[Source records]
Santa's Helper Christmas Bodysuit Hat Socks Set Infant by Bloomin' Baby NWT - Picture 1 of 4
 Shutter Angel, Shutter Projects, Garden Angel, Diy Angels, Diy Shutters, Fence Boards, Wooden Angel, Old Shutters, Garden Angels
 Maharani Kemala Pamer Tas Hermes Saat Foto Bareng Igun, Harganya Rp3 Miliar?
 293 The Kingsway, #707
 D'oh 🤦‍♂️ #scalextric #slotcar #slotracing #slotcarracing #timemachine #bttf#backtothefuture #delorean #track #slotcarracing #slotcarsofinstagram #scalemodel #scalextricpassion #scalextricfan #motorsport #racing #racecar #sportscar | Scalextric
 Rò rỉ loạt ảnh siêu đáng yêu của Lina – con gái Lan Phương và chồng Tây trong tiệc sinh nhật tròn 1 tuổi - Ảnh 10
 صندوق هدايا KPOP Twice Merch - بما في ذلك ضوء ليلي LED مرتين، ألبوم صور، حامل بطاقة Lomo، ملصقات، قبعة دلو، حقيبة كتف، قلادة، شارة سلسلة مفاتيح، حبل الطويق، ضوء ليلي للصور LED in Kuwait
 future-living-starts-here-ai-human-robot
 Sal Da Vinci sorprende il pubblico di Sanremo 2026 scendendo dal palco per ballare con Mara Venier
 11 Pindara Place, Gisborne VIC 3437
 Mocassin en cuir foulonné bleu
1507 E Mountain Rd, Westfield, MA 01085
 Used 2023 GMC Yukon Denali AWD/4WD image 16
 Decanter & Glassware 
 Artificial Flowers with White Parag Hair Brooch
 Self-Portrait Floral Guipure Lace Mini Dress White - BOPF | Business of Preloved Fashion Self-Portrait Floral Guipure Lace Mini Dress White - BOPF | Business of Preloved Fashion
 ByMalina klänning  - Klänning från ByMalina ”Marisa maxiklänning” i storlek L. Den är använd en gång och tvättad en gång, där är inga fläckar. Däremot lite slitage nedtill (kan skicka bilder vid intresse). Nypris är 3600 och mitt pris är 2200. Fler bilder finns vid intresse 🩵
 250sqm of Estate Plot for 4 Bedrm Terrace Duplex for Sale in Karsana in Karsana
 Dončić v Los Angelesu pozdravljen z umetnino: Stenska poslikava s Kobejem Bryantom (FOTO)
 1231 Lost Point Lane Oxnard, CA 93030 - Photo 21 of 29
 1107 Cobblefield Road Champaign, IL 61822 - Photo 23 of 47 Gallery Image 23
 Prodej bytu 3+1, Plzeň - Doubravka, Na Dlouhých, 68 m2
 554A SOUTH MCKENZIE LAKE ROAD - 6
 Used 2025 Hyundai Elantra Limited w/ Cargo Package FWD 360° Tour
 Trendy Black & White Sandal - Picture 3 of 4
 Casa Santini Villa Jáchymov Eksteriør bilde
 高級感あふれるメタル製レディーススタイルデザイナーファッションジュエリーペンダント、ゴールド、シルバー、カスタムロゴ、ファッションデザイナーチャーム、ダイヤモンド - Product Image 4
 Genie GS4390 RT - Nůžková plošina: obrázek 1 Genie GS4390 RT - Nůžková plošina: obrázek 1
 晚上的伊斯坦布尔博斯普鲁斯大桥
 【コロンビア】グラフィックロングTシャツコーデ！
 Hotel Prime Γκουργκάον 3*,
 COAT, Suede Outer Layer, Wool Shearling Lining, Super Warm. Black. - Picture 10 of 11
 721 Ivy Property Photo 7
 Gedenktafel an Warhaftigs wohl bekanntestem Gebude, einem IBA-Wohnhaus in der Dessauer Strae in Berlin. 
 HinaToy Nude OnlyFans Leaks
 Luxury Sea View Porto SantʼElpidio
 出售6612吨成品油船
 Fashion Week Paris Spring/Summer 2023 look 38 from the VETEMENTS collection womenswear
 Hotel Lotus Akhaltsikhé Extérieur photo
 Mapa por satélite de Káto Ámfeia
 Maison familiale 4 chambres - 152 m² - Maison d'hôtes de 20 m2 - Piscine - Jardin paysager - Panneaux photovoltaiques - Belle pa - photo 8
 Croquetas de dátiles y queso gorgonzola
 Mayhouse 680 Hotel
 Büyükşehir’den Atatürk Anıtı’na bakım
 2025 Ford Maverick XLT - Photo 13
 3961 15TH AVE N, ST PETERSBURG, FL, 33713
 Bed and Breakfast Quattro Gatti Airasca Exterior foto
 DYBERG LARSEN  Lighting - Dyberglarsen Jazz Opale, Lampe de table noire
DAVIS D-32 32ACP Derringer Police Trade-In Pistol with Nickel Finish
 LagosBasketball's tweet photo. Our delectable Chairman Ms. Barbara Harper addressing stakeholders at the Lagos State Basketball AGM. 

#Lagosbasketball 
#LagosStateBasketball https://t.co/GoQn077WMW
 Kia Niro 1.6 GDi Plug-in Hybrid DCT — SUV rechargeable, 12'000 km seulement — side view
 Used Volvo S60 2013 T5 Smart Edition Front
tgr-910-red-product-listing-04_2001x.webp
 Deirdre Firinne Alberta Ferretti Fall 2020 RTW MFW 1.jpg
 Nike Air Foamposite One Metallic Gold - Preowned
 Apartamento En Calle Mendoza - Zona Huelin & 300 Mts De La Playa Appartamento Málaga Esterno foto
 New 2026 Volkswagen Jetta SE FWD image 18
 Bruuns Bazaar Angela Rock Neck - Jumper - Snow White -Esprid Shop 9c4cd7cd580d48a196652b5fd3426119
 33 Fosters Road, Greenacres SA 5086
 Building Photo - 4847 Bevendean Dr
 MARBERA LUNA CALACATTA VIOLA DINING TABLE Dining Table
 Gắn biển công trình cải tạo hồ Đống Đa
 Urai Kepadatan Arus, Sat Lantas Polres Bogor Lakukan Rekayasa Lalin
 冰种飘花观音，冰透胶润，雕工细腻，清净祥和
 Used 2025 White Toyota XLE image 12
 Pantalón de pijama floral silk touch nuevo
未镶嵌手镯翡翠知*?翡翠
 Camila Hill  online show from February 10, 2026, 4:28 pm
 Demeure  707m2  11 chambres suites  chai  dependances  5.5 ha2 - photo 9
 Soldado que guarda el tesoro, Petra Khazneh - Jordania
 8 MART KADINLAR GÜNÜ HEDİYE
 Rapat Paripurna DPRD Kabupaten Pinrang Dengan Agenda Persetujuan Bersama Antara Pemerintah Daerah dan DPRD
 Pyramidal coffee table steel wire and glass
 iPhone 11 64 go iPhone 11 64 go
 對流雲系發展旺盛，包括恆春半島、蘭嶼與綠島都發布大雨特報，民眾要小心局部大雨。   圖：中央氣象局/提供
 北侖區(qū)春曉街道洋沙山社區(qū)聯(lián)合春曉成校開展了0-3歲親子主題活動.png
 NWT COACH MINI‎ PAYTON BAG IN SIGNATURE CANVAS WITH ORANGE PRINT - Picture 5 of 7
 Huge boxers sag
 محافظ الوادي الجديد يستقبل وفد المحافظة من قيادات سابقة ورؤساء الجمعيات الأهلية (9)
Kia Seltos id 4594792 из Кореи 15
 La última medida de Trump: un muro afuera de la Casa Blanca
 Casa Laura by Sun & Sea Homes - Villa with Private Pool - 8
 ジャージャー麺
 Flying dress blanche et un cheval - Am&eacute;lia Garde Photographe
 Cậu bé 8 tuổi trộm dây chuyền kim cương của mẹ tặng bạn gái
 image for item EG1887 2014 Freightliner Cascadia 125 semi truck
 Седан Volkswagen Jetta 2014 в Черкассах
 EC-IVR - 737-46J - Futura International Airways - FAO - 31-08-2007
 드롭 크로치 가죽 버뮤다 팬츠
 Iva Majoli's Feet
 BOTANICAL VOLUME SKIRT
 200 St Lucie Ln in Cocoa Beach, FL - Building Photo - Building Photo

-- PROBLEM REQUIREMENTS --
All that is needed is the exact run of lines above from the line containing "#LagosStateBasketball https://t.co/GoQn077WMW" through the line containing "2026, 4:28 pm", both of them included.

-- TASK ANSWER --
#LagosStateBasketball https://t.co/GoQn077WMW
 Kia Niro 1.6 GDi Plug-in Hybrid DCT — SUV rechargeable, 12'000 km seulement — side view
 Used Volvo S60 2013 T5 Smart Edition Front
tgr-910-red-product-listing-04_2001x.webp
 Deirdre Firinne Alberta Ferretti Fall 2020 RTW MFW 1.jpg
 Nike Air Foamposite One Metallic Gold - Preowned
 Apartamento En Calle Mendoza - Zona Huelin & 300 Mts De La Playa Appartamento Málaga Esterno foto
 New 2026 Volkswagen Jetta SE FWD image 18
 Bruuns Bazaar Angela Rock Neck - Jumper - Snow White -Esprid Shop 9c4cd7cd580d48a196652b5fd3426119
 33 Fosters Road, Greenacres SA 5086
 Building Photo - 4847 Bevendean Dr
 MARBERA LUNA CALACATTA VIOLA DINING TABLE Dining Table
 Gắn biển công trình cải tạo hồ Đống Đa
 Urai Kepadatan Arus, Sat Lantas Polres Bogor Lakukan Rekayasa Lalin
 冰种飘花观音，冰透胶润，雕工细腻，清净祥和
 Used 2025 White Toyota XLE image 12
 Pantalón de pijama floral silk touch nuevo
未镶嵌手镯翡翠知*?翡翠
 Camila Hill  online show from February 10, 2026, 4:28 pm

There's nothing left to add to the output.